__WHAT YOU SHOULD DO__.
Go through the entries and transcribe each one exactly, dropping the pictures.

__MATERIAL TO PROCESS__.
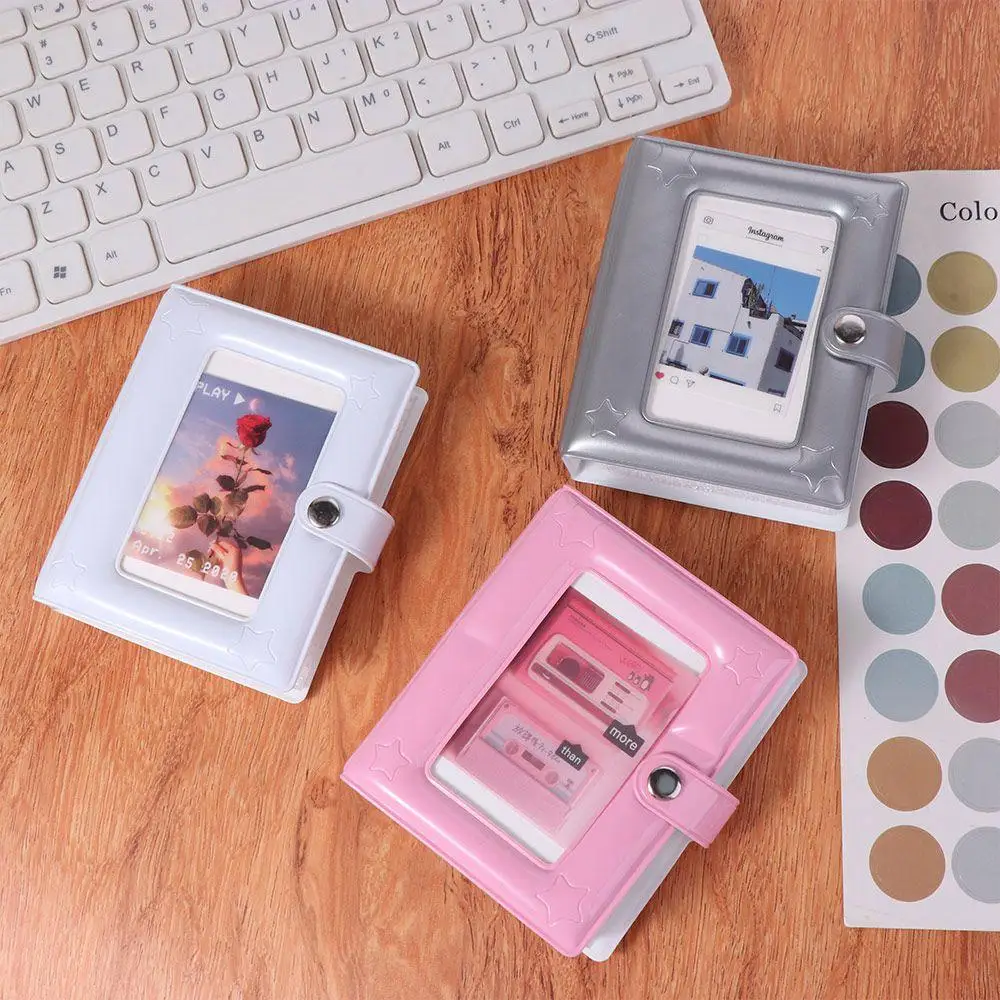 

3in ID фото корейский держатель для фотокарт украшение идол фотокарта идол карты дисплей протектор изображение ПВХ чехол для карты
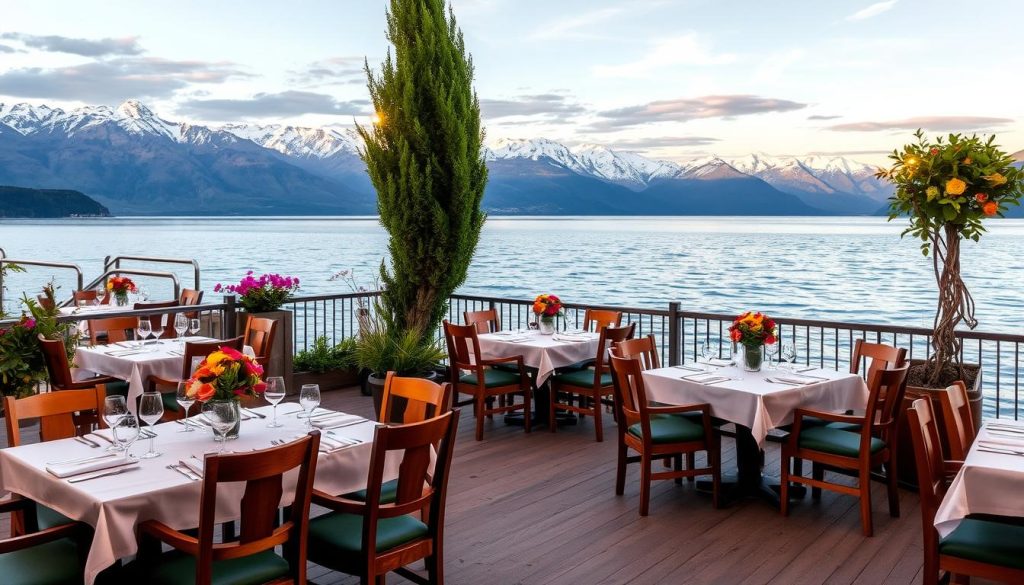 Queenstown lakeside dining Queenstown lakeside dining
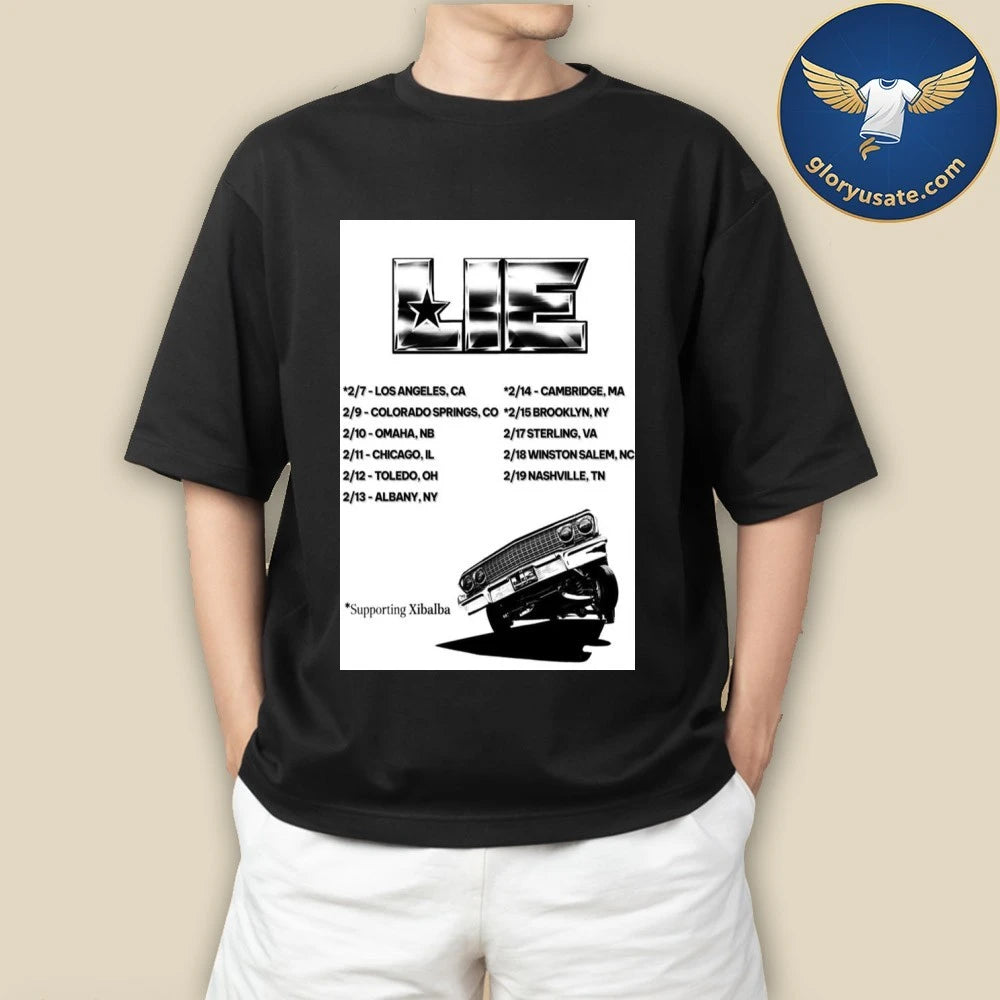 LIE February Tour 2026 Poster Shirt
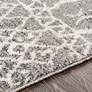 5_Andorra ARD-2304 5'3"x7'3" Gray and White Indoor Area Rug more views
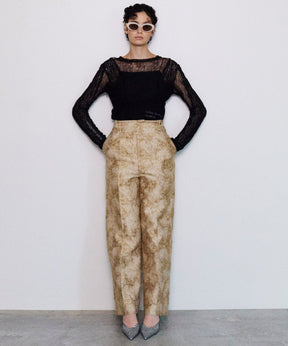 [24Autumn PRE-ORDER] Cut Fringe Jacquard Pants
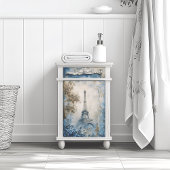 Stylized Eiffel Tower Paris Collage FE1 Decoupage 薄葉紙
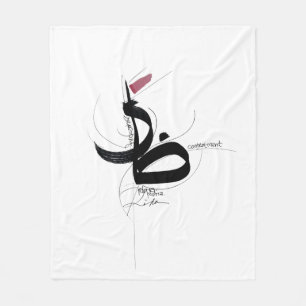 RIDHA (Acceptance) Japandi Minimalist Art Fleece Blanket
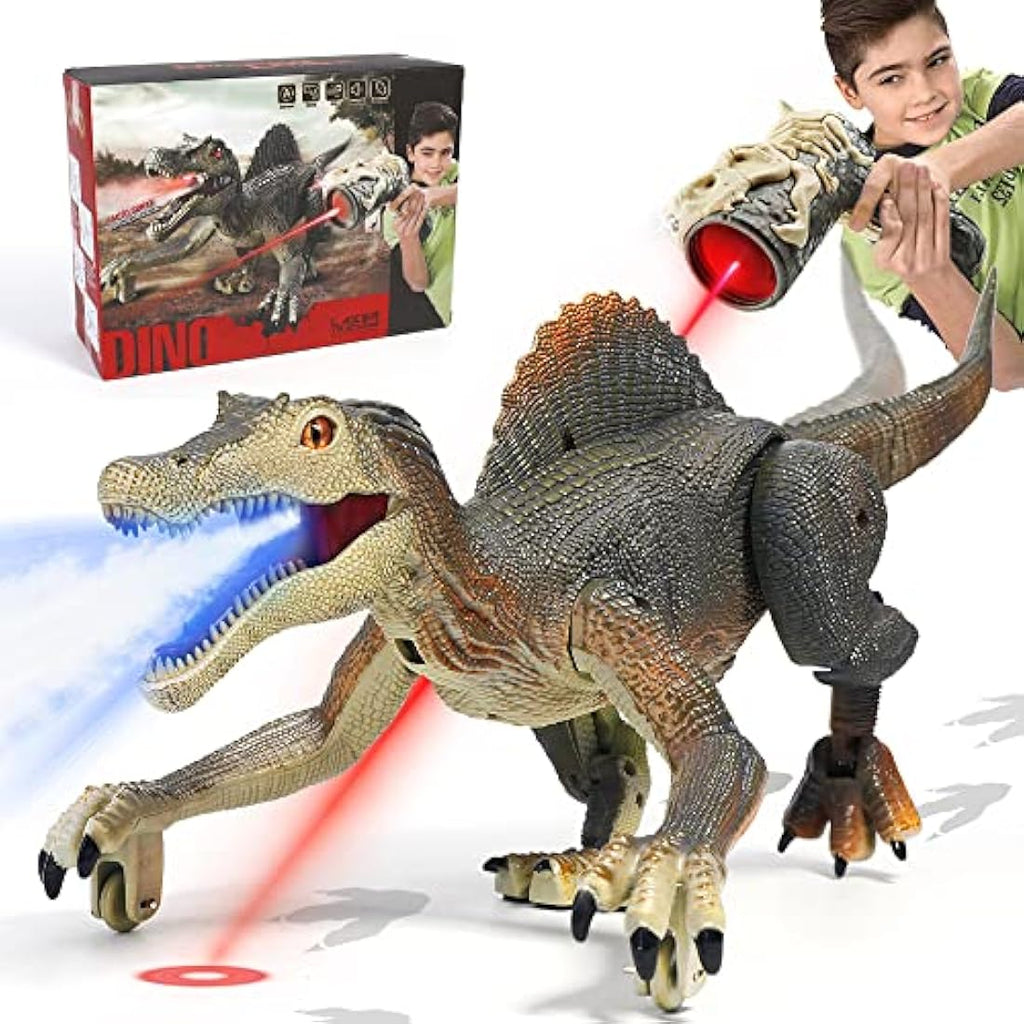 FRUSE Remote Control Spinosaurus – RC Dinosaur Robot with Mist & Light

__OUTPUT OF THE EXERCISE__.
3in ID фото корейский держатель для фотокарт украшение идол фотокарта идол карты дисплей протектор изображение ПВХ чехол для карты
 Queenstown lakeside dining Queenstown lakeside dining
 LIE February Tour 2026 Poster Shirt
 5_Andorra ARD-2304 5'3"x7'3" Gray and White Indoor Area Rug more views
 [24Autumn PRE-ORDER] Cut Fringe Jacquard Pants
 Stylized Eiffel Tower Paris Collage FE1 Decoupage 薄葉紙
 RIDHA (Acceptance) Japandi Minimalist Art Fleece Blanket
 FRUSE Remote Control Spinosaurus – RC Dinosaur Robot with Mist & Light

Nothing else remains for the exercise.